These are that (1) CO2 related corrosion is uncontrollable, (2) shallow reservoirs cannot sustain miscible floods, (3) immiscible floods are not economic, and (4) drilling new injection and production wells is impractical.

Corrosion. The injection of CO2 into an oil reservoir that has brine-saturated pore space leads to an acidic fluid, carbonic acid.

Without a preventive corrosion plan, in a relatively short time into a CO2 EOR project, various degrees of corrosion can occur in wellbore tubulars, downhole equipment, surface production facilities, and related piping. Staffs operating oil fields with historical CO2 EOR have addressed the issue of corrosion by identifying and replacing key components with nonreactive materials and using chemical corrosion inhibitors.3

In the US Department of Energy (DOE) sponsored EOR pilots of the Midwest Geologic Sequestration Consortium (MGSC), commercially available corrosion inhibitors were applied to control CO2 related corrosion. In addition to controlling corrosion, the operator reported fewer downhole tubular and equipment failures during the CO2 EOR pilot compared with previous years.2

Shallower reservoirs. Compared with deeper formations, shallow reservoirs have relatively lower temperatures. CO2 density is higher at lower temperatures when compared with higher temperatures.

Some of the shallower oil fields operated as waterfloods in the Midwest can have higher injection pressures due to higher fracture pressure (and subsequent regulated pressure).
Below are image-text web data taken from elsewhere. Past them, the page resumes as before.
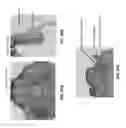 Fig. 37 - Customized fabrication of orthodontic retainers based on patient anatomy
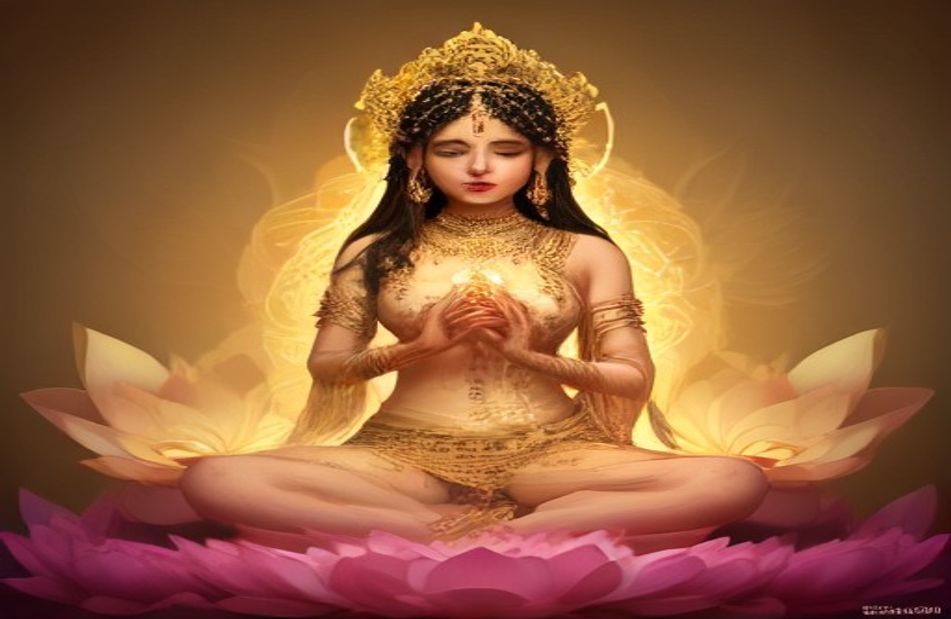 God Lakshmi Wallpaper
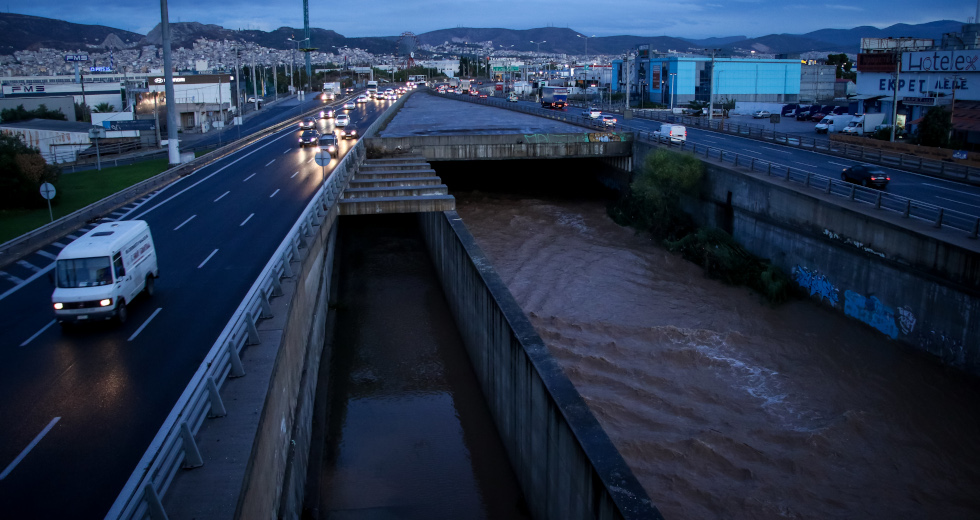Έξι μήνες περιβαλλοντικής καταστροφής στην Ελλάδα
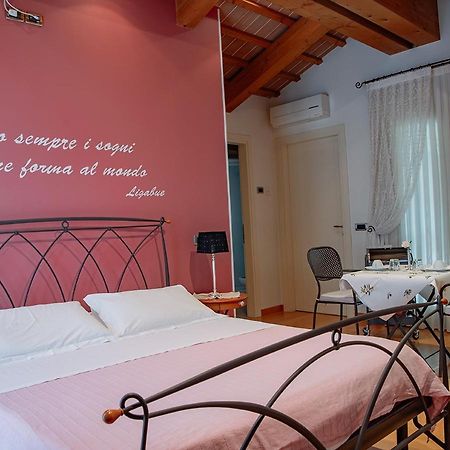 Rosa Del Grappa Bed and Breakfast Εξωτερικό φωτογραφία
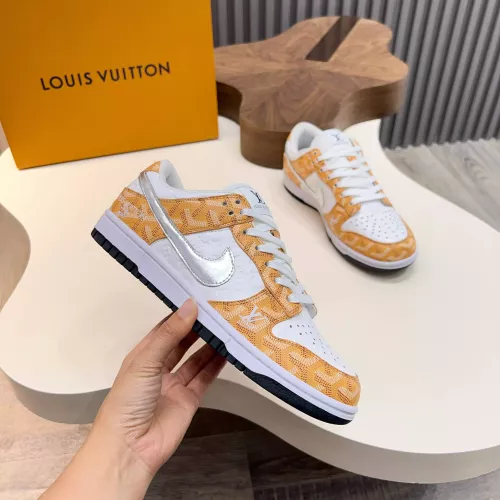 Replica Louis Vuitton Casual Shoes For Men #1329738 $122.00 USD for Wholesale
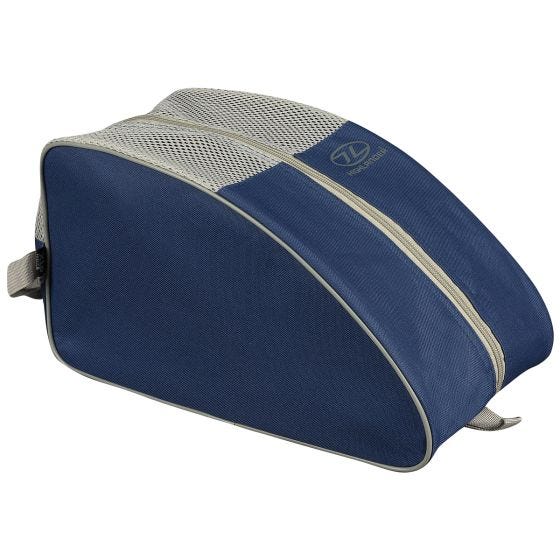 Highlander Breather Laarstas - Navy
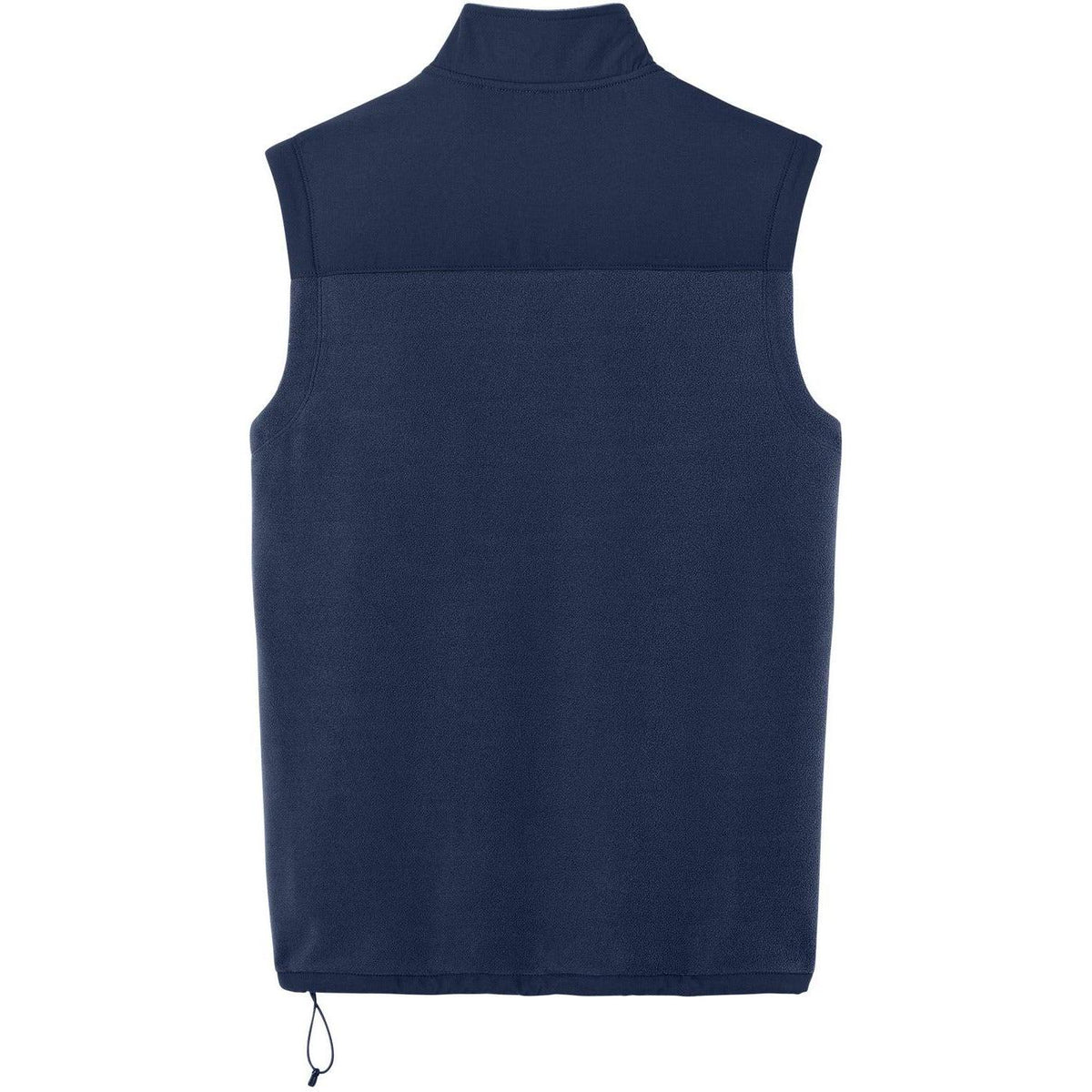 no-logo Port Authority Therma-Tek Fleece Vest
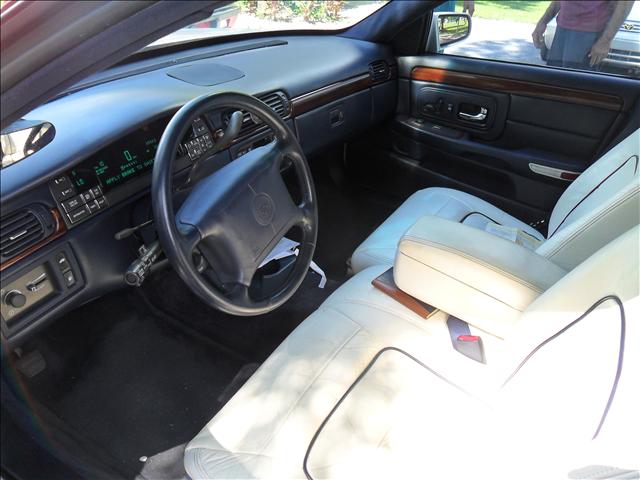 1997 Cadillac Deville 2dr Coupe 3.5L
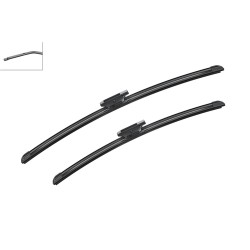 Μάκτρο καθαριστήρα BOSCH 3397014173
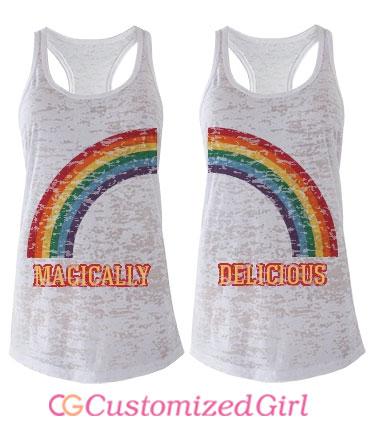 Magical Rainbow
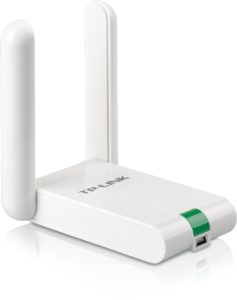 Amazon- Buy TP-Link TL-WN822N 300Mbps High Gain Wireless USB Adapter (White) for Rs 900 only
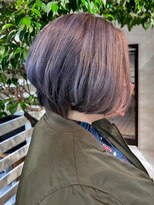 フレア ヘア サロン(FLEAR hair salon) Gray bob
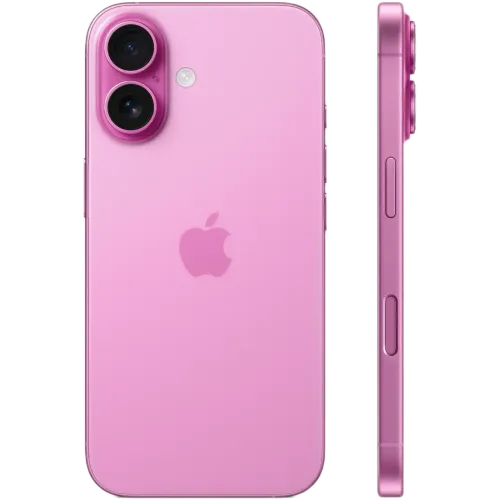 iPhone 16 128 ГБ Розовый (Без RuStore)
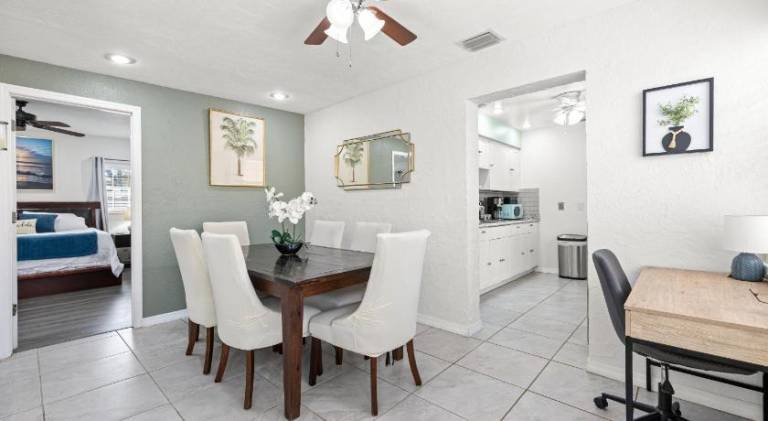 Vacation home with 3 rooms for 6 persons — photo 4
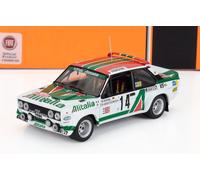 1/43 IXO-MODELS - FIAT - 131 ABARTH TEAM ALITALIA N 14 RALLY RAC446B.22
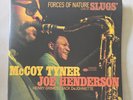 McCoy Tyner & Joe He - Forces Of Nature: Live At Slugs' [New Vinyl LP]
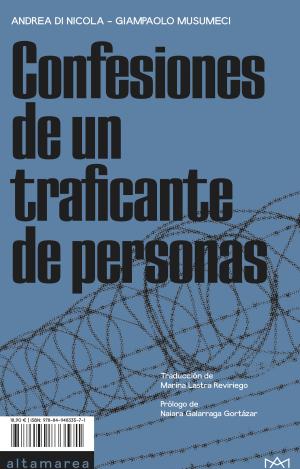 CONFESIONES DE UN TRAFICANTE DE PERSONAS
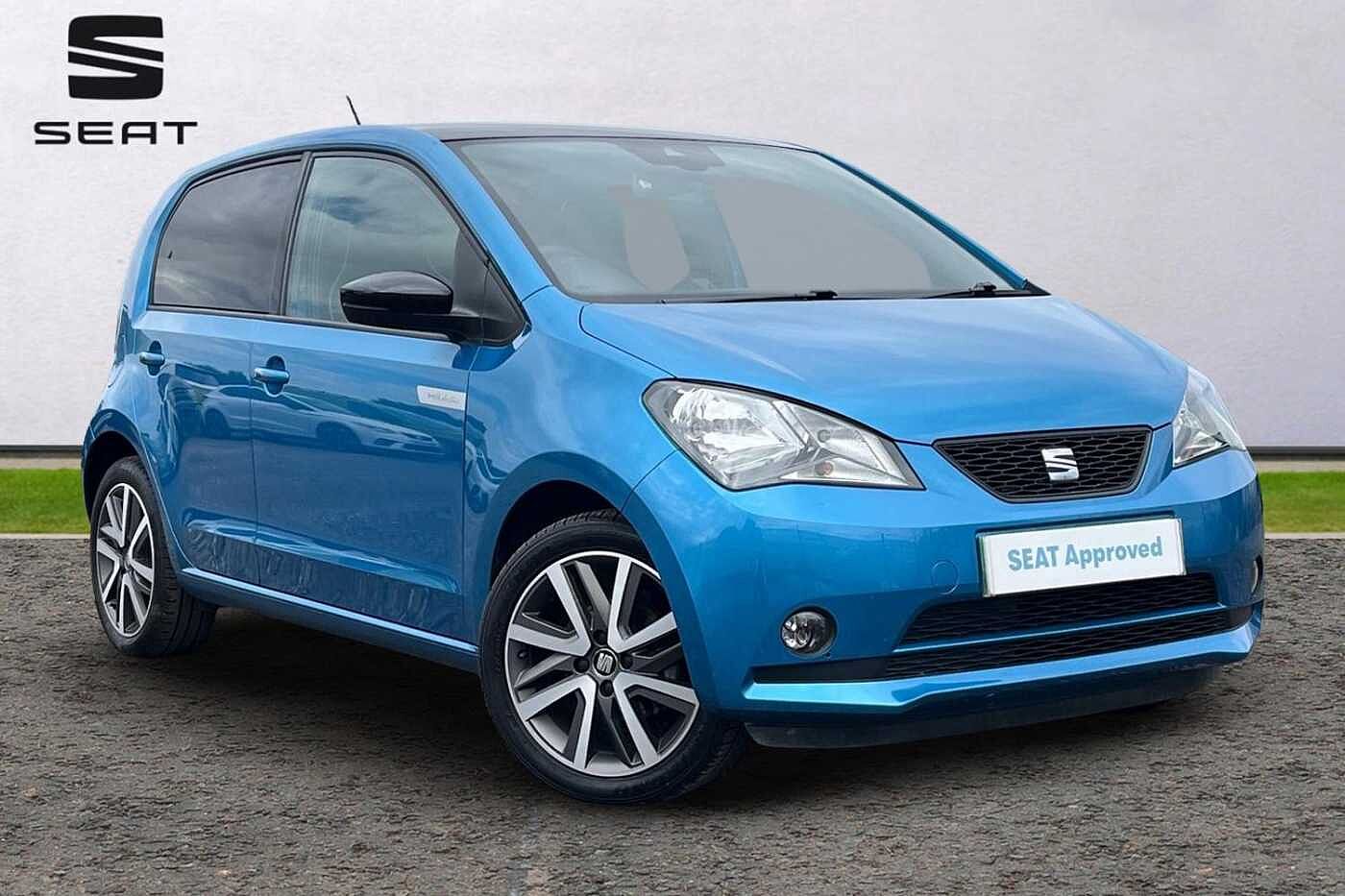 Main listing image - SEAT Mii Electric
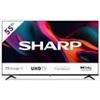 SHARP TV LED Ultra HD 4K 55" 55GL4260EB Smart TV Google TV
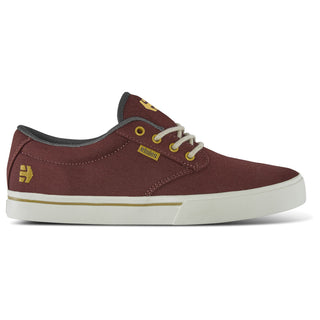 Etnies Skateboard Shoes Jameson 2 Eco Burgundy
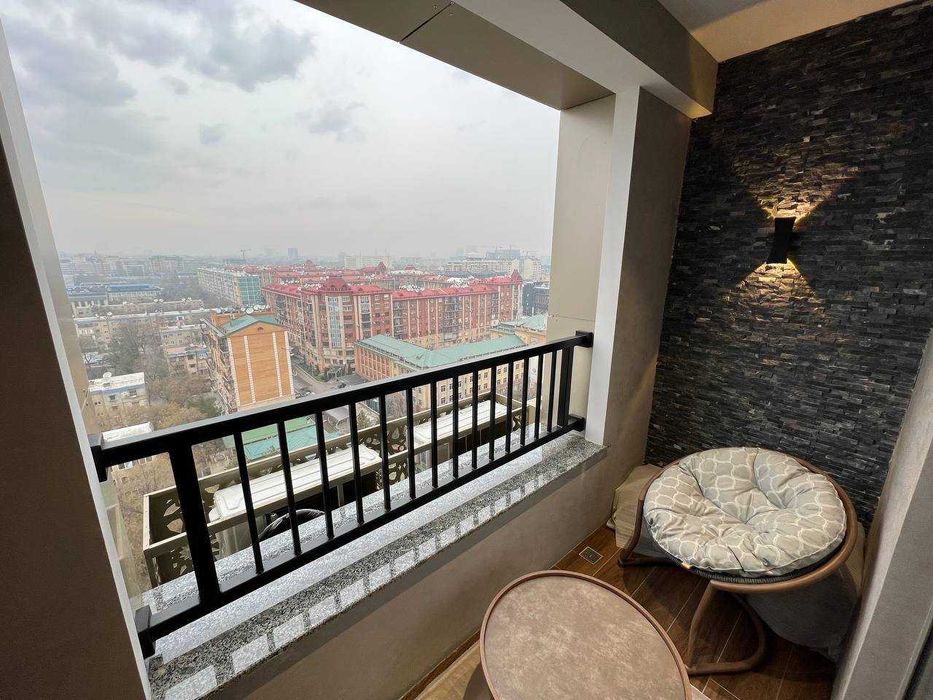 Яшнобод туманида квартира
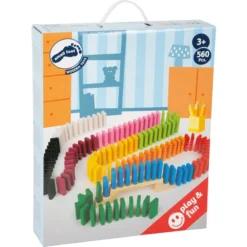 Small Foot ® Domino Rally XXL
For example in the Illinois basin, a 1.0 psi/ft fracture gradient is a common value to use.4

Consequently, a waterflood operated at 1,800 ft may have an average reservoir pressure exceeding 1,500 psi. Reservoir temperature and pressure combinations can lead to the opportunity for CO2 in a liquid phase, which is expected to be miscible with crude oil. This combination is not unusual.

As part of the validation phase site selection for CO2 EOR, Illinois basin operators provided current pressure and temperature (Fig. 2, green circles) for nominated reservoirs within oil fields for consideration. Eight of the 40 nominated reservoirs would sustain liquid CO2 and have the potential for miscibility at relatively shallow depths (1,500-2,500 ft). Moreover, the MGSC Mumford Hills pilot was miscible-liquid at 1,900 ft.

Immiscible floods. Like miscible floods, the mass transfer of intermediate hydrocarbons (C5 to C12) from the crude oil to the CO2 phase occurs in immiscible floods; however, there is a CO2-rich phase and a crude oil-rich phase5 that are distinct and identifiable.

In the mature CO2 EOR areas of the US, generally the use of the term "immiscible" is generally associated with a failed CO2 EOR pilot or an oil reservoir that would not be considered for EOR. As a result of early and-or large volume of CO2 production with uneconomically low or no oil production, the failure would increase for pilots projected to be miscible. These pilots would be at higher pressures and temperatures, which require large volumes of CO2 and high injection pressures.

For a planned low pressure, immiscible flood in a relatively shallow reservoir, less pressure and CO2 would be required. Illinois basin oil field modeling results show that compared with miscible CO2 EOR, an immiscible flood would have about 50% less oil production; however, it would take 70-80% less CO2 volume (Table 2).5

A single immiscible reservoir relatively far from a source may never result in a CO2 EOR project. However, for those fields with multiple oil productive reservoirs of which some would be miscible and others may be immiscible, these immiscible targets could provide low cost incremental oil production once the CO2 transportation infrastructure is in place for the miscible oil reservoir targets (Fig. 3).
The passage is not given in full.